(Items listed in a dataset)
══════════════════════════════

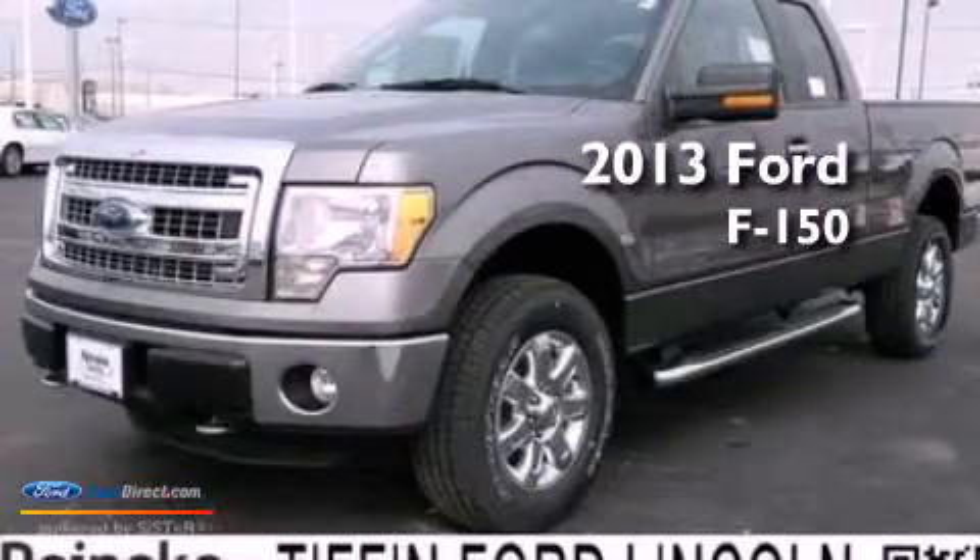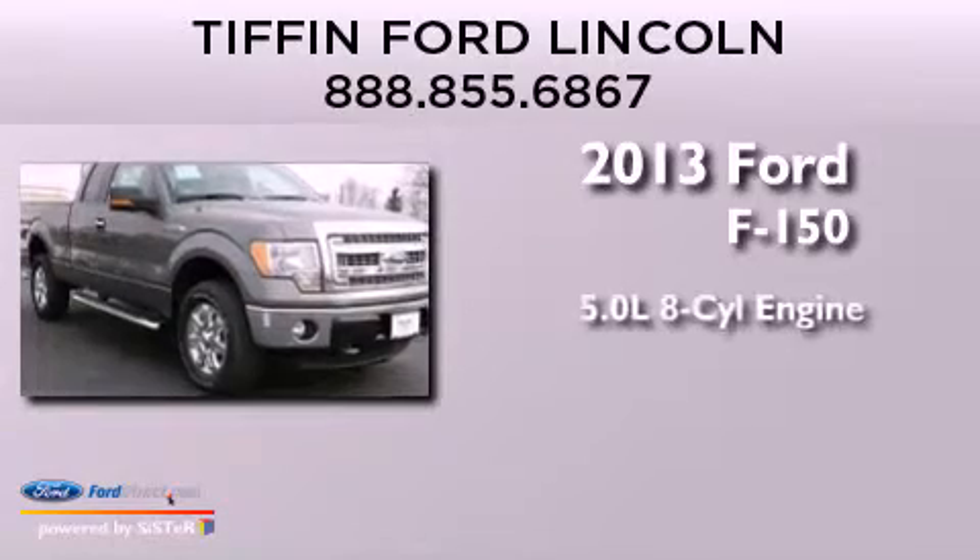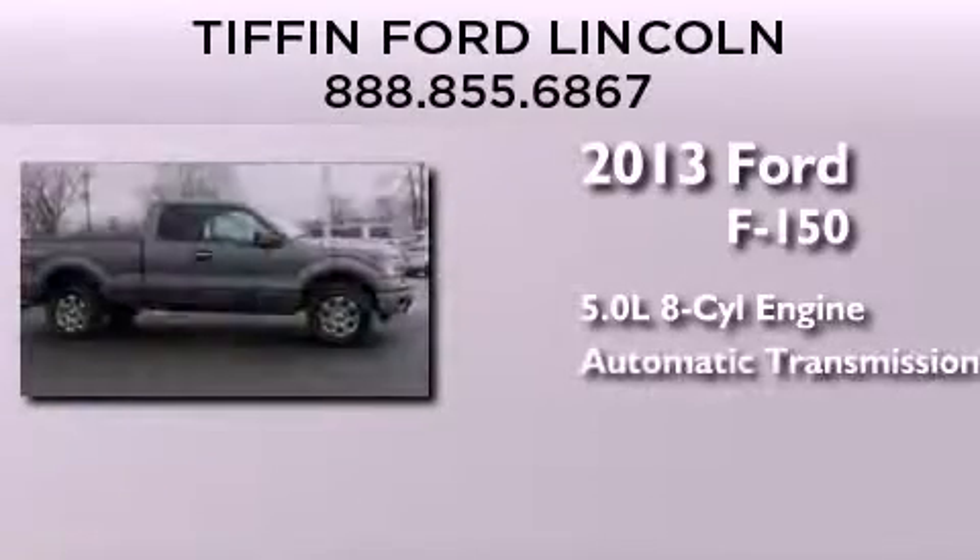This is a brand-new 2013 Ford F-150. It has a 5.0-liter eight-cylinder engine and an automatic transmission.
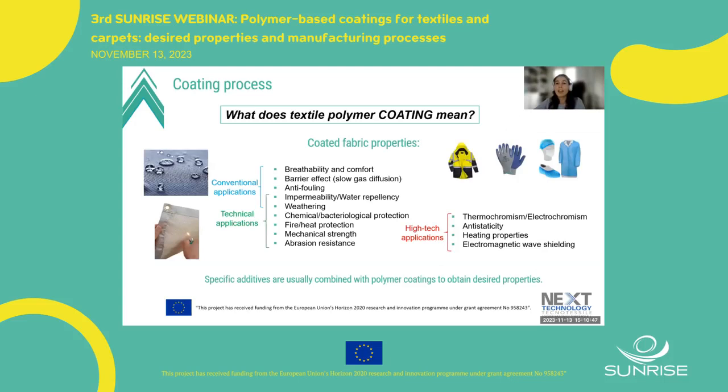So, what does textile polymer coating mean? This process is used to cover textile materials with one or more layers of a thermoplastic polymer or resin. The coatings can be applied at the yarn level or directly onto the fabric, and can be applied to one or both sides of the fabric depending on the use and desired performance. The goal of textile coatings is to enhance or improve material properties — for instance, by extending their useful life and preserving their aesthetic appearance.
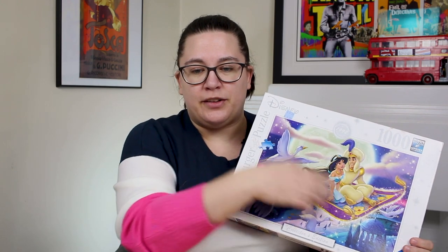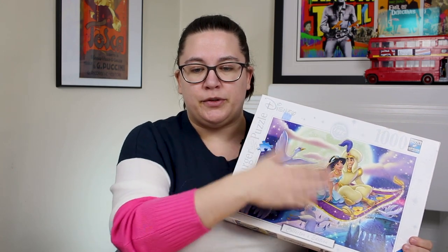The first one is a 1,000-piece puzzle from the Disney Collector's Edition series — it's a picture of Aladdin. I think this one will be really fun to do. It'll be a bit tricky with the backgrounds and lots of similar colors, the purple and the moon, but I think it'll be really enjoyable — a nice lazy Saturday puzzle.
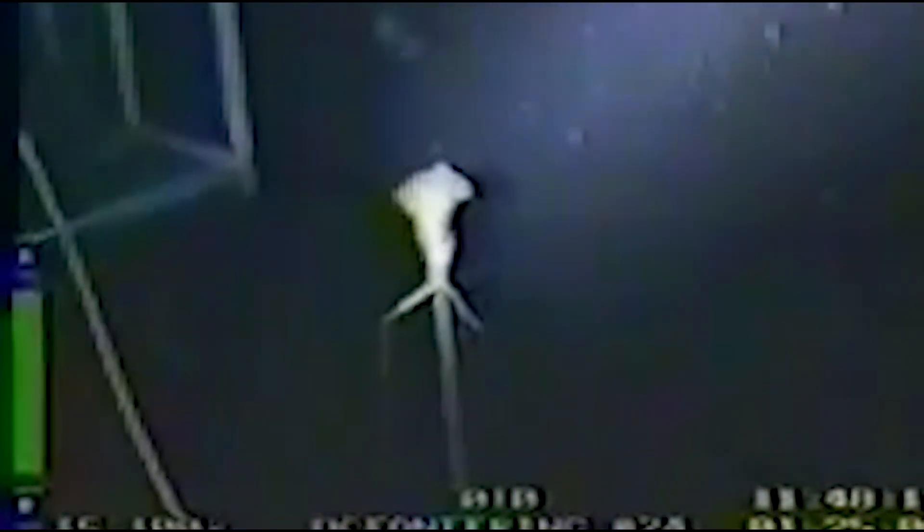Bigfin squid, known as magnopinous squids, are a group of rarely seen deep-sea cephalopods. They live thousands of feet below the surface of the ocean, and only about a dozen sightings have ever been reported. Researchers believe these cephalopods are found across the globe, from the Pacific to the Atlantic to the Indian Ocean.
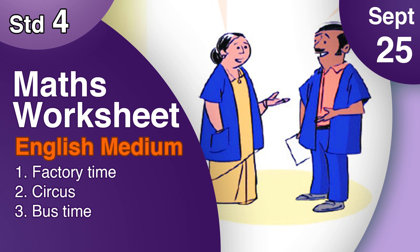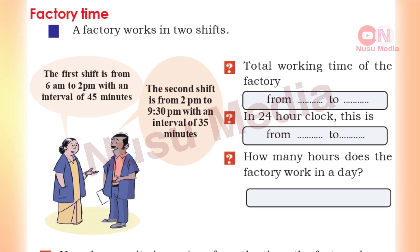In our textbook page 33, Factory Type. A factory works in two shifts. The first shift is from 6 am to 2 pm, with an interval of 45 minutes. The second shift is from 2 pm to 9:30 pm, with an interval of 35 minutes.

══════════════════════════════

## PROMPT
No pictures belong in the copy. Transcribe every entry exactly.

## TASK SOLUTION
This is a brand-new 2013 Ford F-150. It has a 5.0-liter eight-cylinder engine and an automatic transmission.
So, what does textile polymer coating mean? This process is used to cover textile materials with one or more layers of a thermoplastic polymer or resin. The coatings can be applied at the yarn level or directly onto the fabric, and can be applied to one or both sides of the fabric depending on the use and desired performance. The goal of textile coatings is to enhance or improve material properties — for instance, by extending their useful life and preserving their aesthetic appearance.
The first one is a 1,000-piece puzzle from the Disney Collector's Edition series — it's a picture of Aladdin. I think this one will be really fun to do. It'll be a bit tricky with the backgrounds and lots of similar colors, the purple and the moon, but I think it'll be really enjoyable — a nice lazy Saturday puzzle.
Bigfin squid, known as magnopinous squids, are a group of rarely seen deep-sea cephalopods. They live thousands of feet below the surface of the ocean, and only about a dozen sightings have ever been reported. Researchers believe these cephalopods are found across the globe, from the Pacific to the Atlantic to the Indian Ocean.
In our textbook page 33, Factory Type. A factory works in two shifts. The first shift is from 6 am to 2 pm, with an interval of 45 minutes. The second shift is from 2 pm to 9:30 pm, with an interval of 35 minutes.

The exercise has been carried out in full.